In Georgia, it’s capped at one box per 100,000 active registered voters. The metropolitan Atlanta area could see its number of dropboxes drop from 94 to 23, The New York Times reported. And, instead of being outdoors with 24-hour access, as many in Colorado are, the Georgia boxes must be inside government buildings and voting sites.
The Georgia Recorder also noted a few of the differences between the election laws in Colorado and Georgia. Here's how the local outlet explained the difference between Georgia and Colorado's voter identification requirements:
Colorado doesn’t require voter ID for mail-in ballots. Georgia just passed such a requirement.
Republicans have seized upon the fact that Colorado requires ID for voters who vote in person, equating it with Georgia’s voter ID law, which was enacted in 2005. But the vast majority of Coloradans don’t need to show an ID in order to vote; last year, more than 94% of Colorado voters cast their ballots by returning them through the mail or in drop boxes, according to election-night data from the Colorado Secretary of State’s office. Colorado does require ID in order to register to vote, but the state accepts a wider range of forms of identification, including non-photo IDs like pay stubs and utility bills, than Georgia does.
Among the most controversial changes made by Georgia’s new election law is to require voter ID for absentee ballots — a requirement that doesn’t exist in Colorado, which uses signature verification to validate mail-in ballots.

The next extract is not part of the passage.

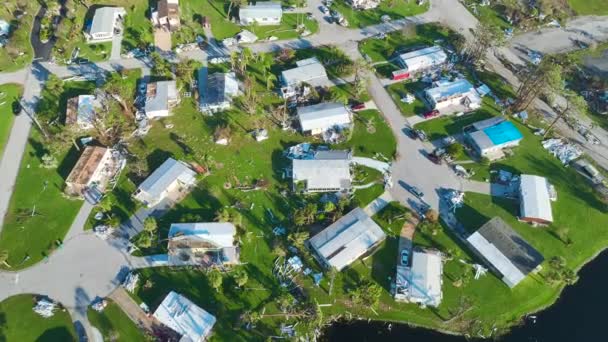 Gravemente Dañado Por Huracán Ian Casas Florida Zona Residencial Casas — Vídeo de stock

While one could pick and choose portions of Georgia's law and compare them to the laws in other states, the overarching criticism of Georgia's new voting law is that it restricts voting access — by, for example, limiting the number of absentee ballot drop boxes and diminishing the time voters have to request absentee ballots — and that it was passed with votes solely from the political party (Republicans) that just lost two U.S. Senate seats (and a presidency) during an election that saw record-breaking turnout.

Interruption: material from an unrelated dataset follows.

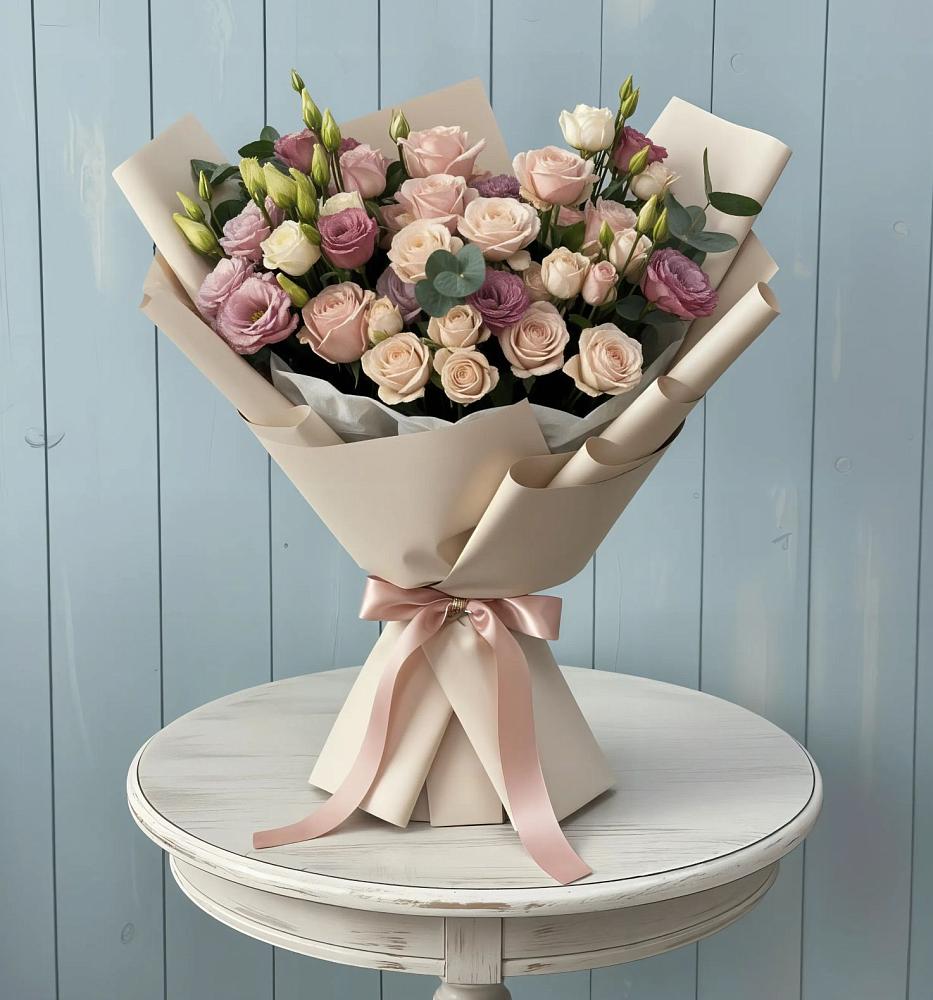 Букет цветов из: Розы и Лизиантусы в Новощербиновской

This law was also passed in the aftermath of an election that was marred by false claims about voter fraud. While Georgia legislators wrote in the new voting bill that the legislation was needed because "there was a significant lack of confidence in Georgia election systems," the Department of Homeland Security’s Cybersecurity and Infrastructure Security Agency (CISA) and other election officials previously called the 2020 election "the most secure in American history."